Times like these serve as a great reminder of the importance of investing some safe dividend stocks in your investment portfolio. High-quality dividend stocks of fundamentally strong businesses gives you the opportunity to weather volatile market conditions while mitigating your losses.
Dividend stocks with resilient business models and wide economic moats can continue paying investors their shareholder dividends during economic shocks.
It’s essential to identify high-quality Canadian dividend stocks with staying power you can rely on. Provided you invest in the right stock, you can continue generating a passive income through shareholder dividends, even if the stock is not outperforming the broader market during downturns. Today, I will discuss two such stocks you can consider adding to your portfolio.
Keyera
Keyera (TSX:KEY) is a $6.32 billion market capitalization midstream oil and gas company headquartered in Calgary. It is one of the largest among its peers in the Canadian energy sector and is responsible for transporting natural gas liquids from Western Canada. It services oil and gas producers and is not involved in the production process itself.
As of this writing, Keyera stock trades for $28.61 per share, boasting a juicy 6.71% dividend yield. Its share prices are down by just 0.24% year to date but by 19.36% from its 52-week high. The demand for its services is high.
Between 2016 and 2021, its total revenue almost doubled, helping its bottom line grow by 42% in those five years. As Keyera continues to focus on new opportunities, the strong growth trend in its financials will likely provide further growth.
Bank of Nova Scotia
Canadian bank stocks make for some of the most reliable income-generating assets, and the Bank of Nova Scotia (TSX:BNS) is a great example. Headquartered in Toronto, Scotiabank is a $77.02 billion market capitalization Canadian financial institution. It is the third-largest Canadian bank by market capitalization and deposits and a company cemented among Canada’s Big Five banks.
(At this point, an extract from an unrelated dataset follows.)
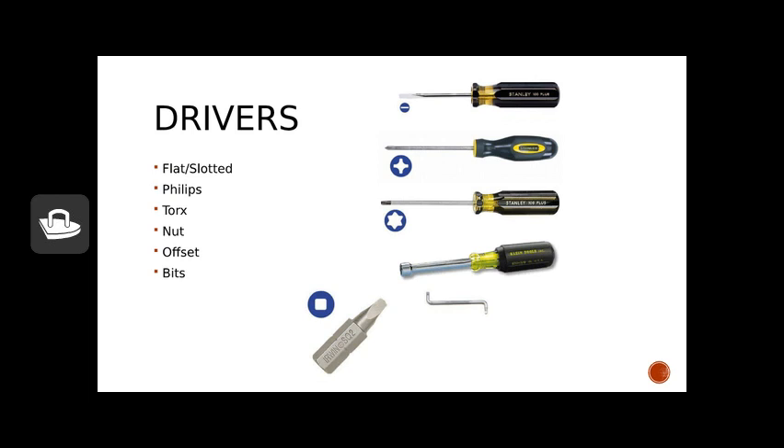After those three drivers that focus on screws or machine bolts, we have nut drivers, which come in various sizes. Think of these as the offspring of screwdrivers and wrenches — they're used to tighten and loosen hex-headed bolts and screws, and they're very handy when working on small engines. The offset driver is also useful when you have a tight space to get into. We also have bits available in all the above types that can be used in either a manual driver handle or a power driver.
As of this writing, Scotiabank stock trades for $64.65 per share and has a juicy 6.37% dividend yield. Its share prices are down by 28.84% year to date and almost 70% from its 52-week high. Such an alarming decline might make you wary of investing in the Canadian bank stock. However, it could be just the opportunity you need to buy its shares at a significant discount.
The broad pullback in Canadian equity markets doesn’t change the fact that it’s a strong financial institution with plenty of liquidity and revenue streams diversified across different segments and geographically.
The second quarter of this fiscal year saw it register a 12% year-over-year growth in its net interest income from domestic banking operations. The ongoing global economic concerns might impact its short-term revenues, but its robust balance sheet and diversified revenue streams make it a safe buy-and-hold dividend stock.
Foolish takeaway
Dividend investing is an excellent way to grow your wealth in the long run. Buying and holding the stock of top-notch, dividend-paying companies can let you grow your wealth through shareholder dividends. Reinvesting the dividend payouts to buy more shares of the stock can help you accelerate your wealth growth by unlocking the potential of compounding.
If you want to play the long game and buy stock that can continue paying you your shareholder dividends during all market conditions, even volatile markets, Keyera stock and Scotiabank stock can be terrific additions to your portfolio.